■ EXERCISE PROMPT
Your answer should hold only the lines from the one containing "Renault Zoe (c/ Bateria) Life 40 Q90 - 19" through the last line below, copied exactly; pictures stay out.
(DATA EXCERPT Opens)
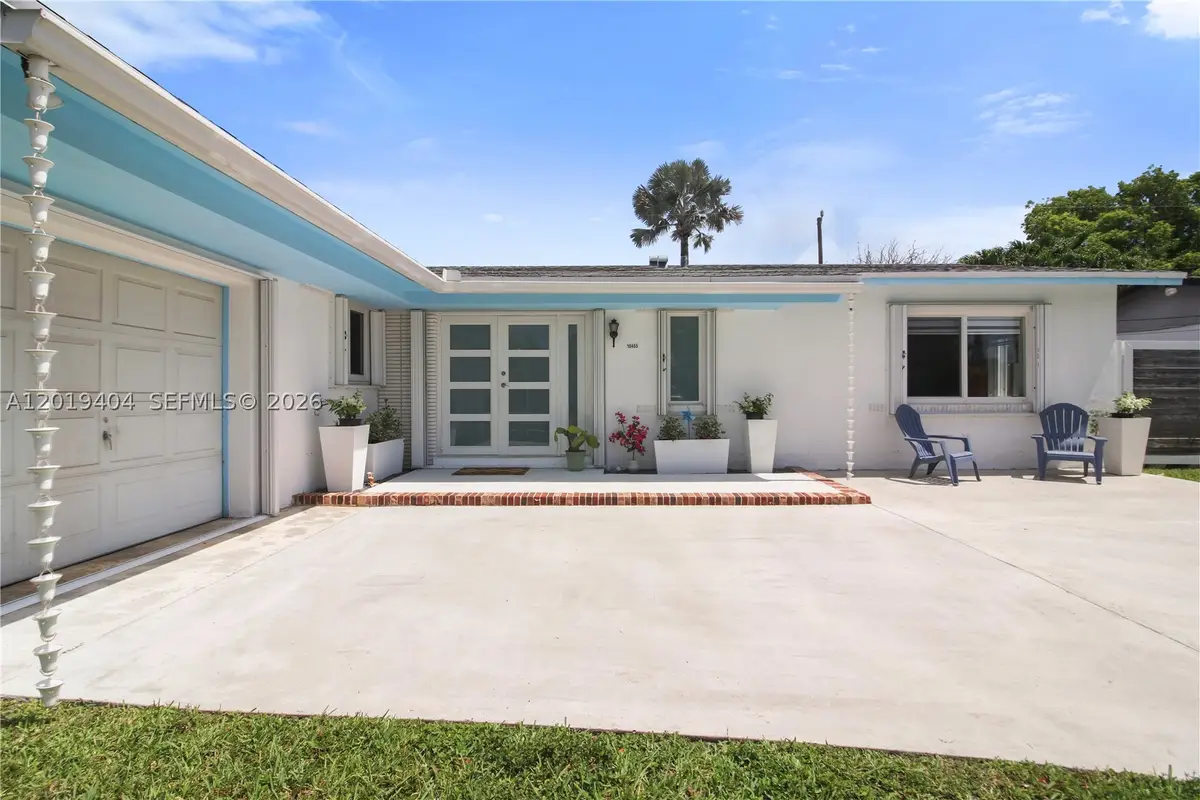 10455 SW 200th St, Cutler Bay, FL 33157 - #1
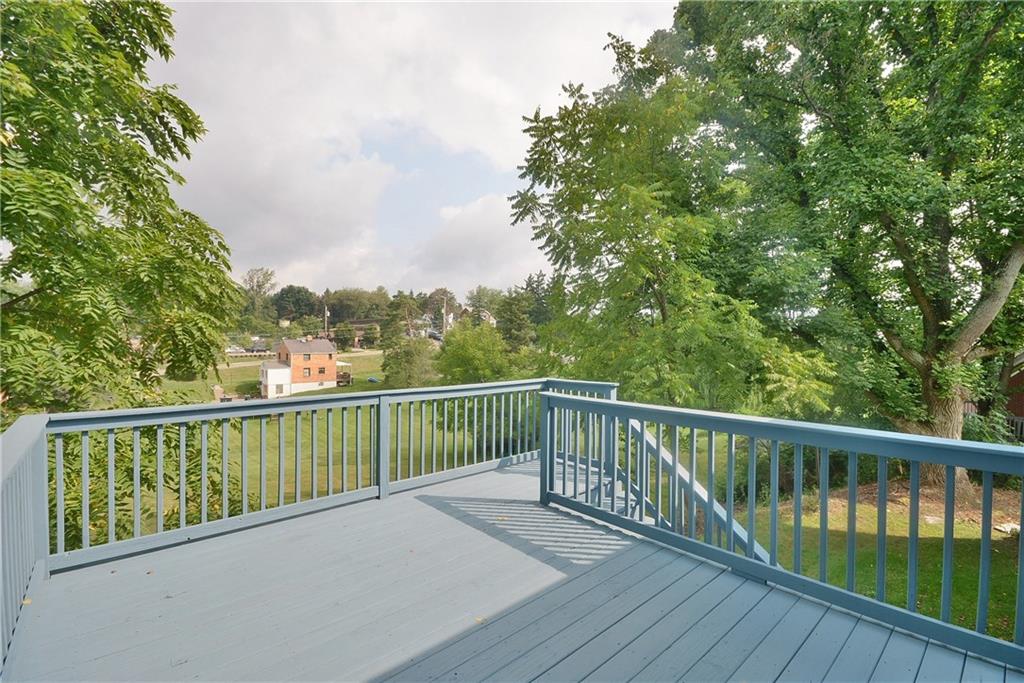 161 Limerick Road Wexford, PA 15090 - Photo 23 of 25 Deck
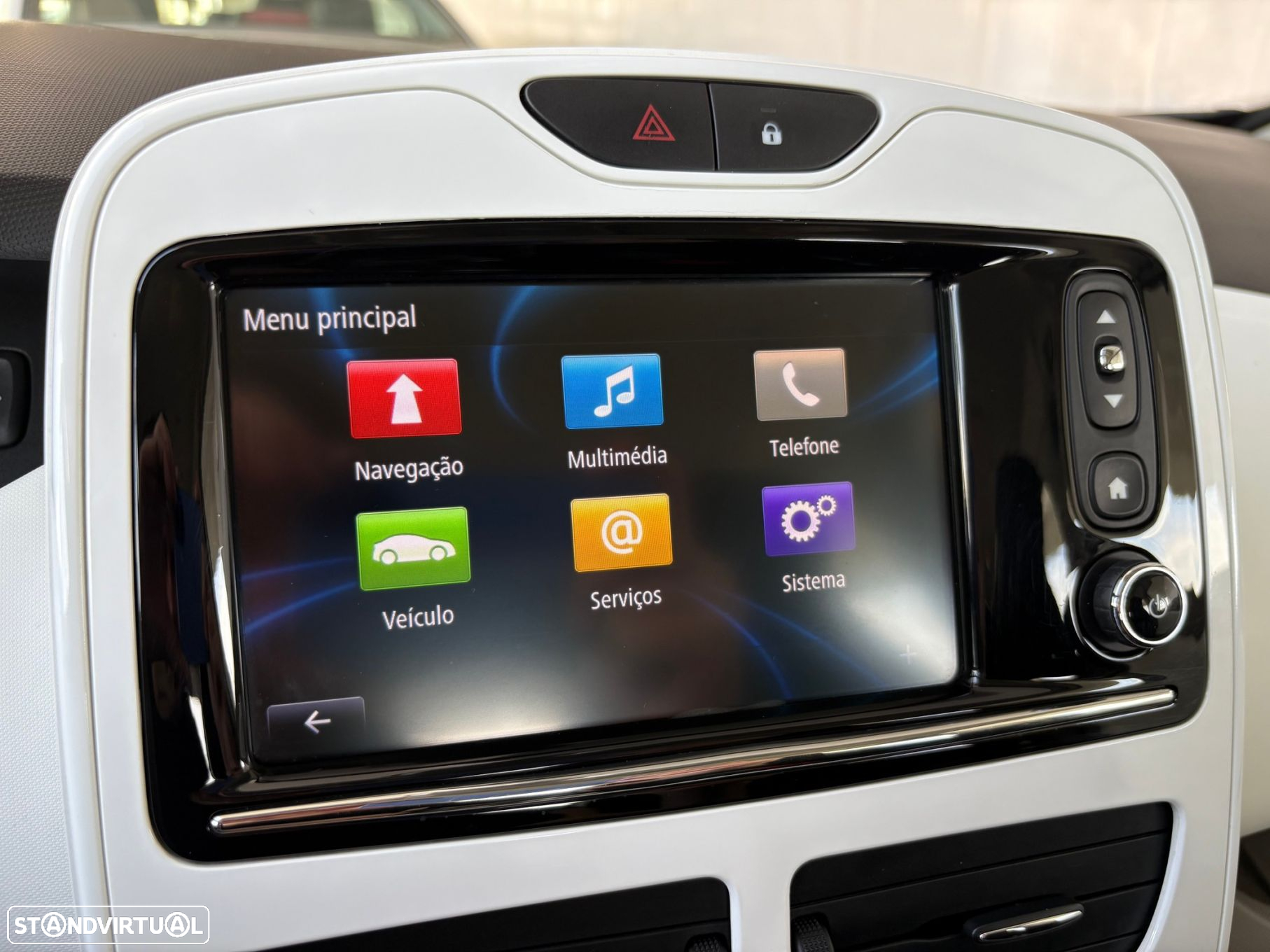 Renault Zoe (c/ Bateria) Life 40 Q90 - 19
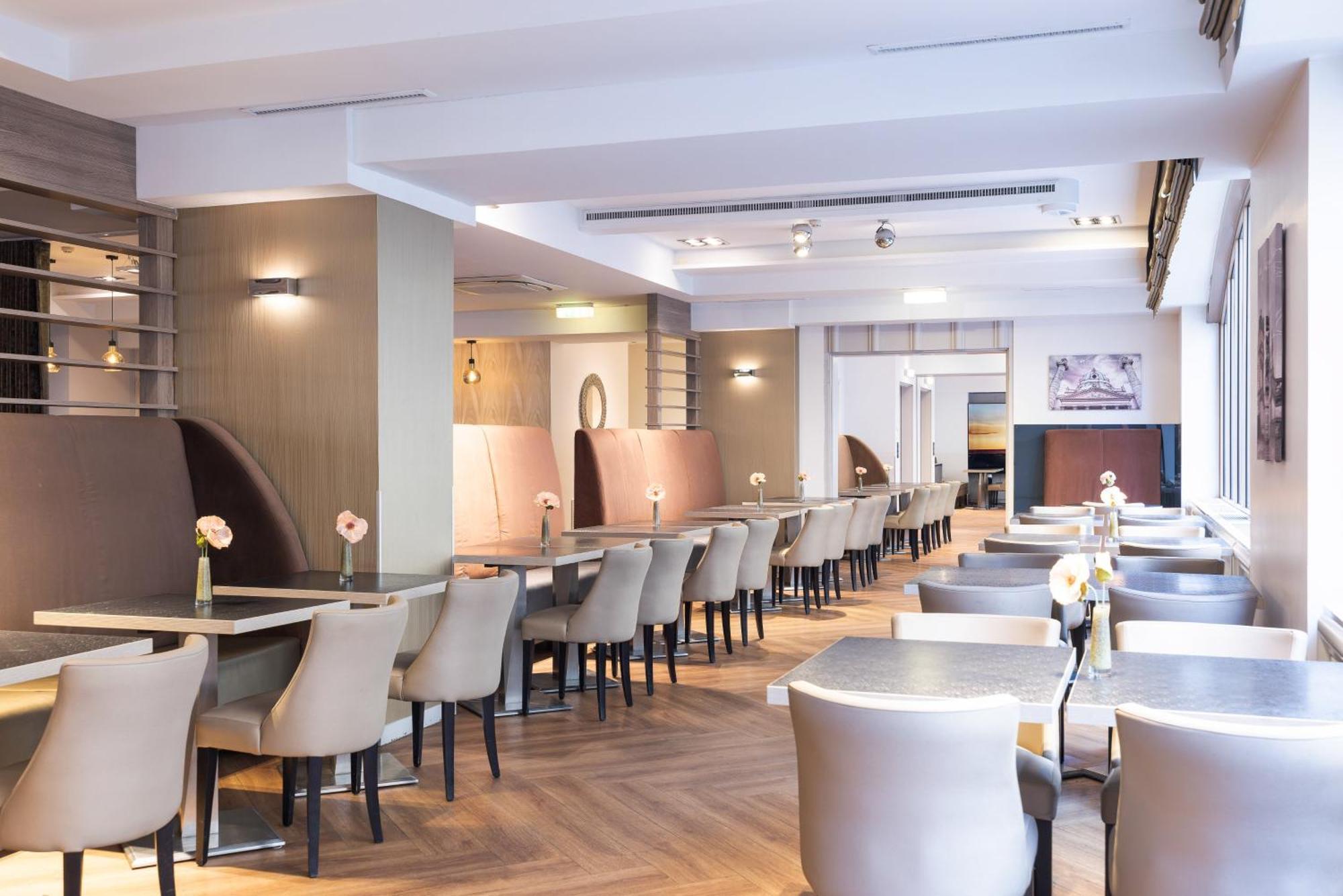 Leonardo Vienna Westbahnhof Hotel Luaran gambar Interior of the restaurant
(DATA EXCERPT Closes)
■ RESPONSE TO THE TASK
 Renault Zoe (c/ Bateria) Life 40 Q90 - 19
 Leonardo Vienna Westbahnhof Hotel Luaran gambar Interior of the restaurant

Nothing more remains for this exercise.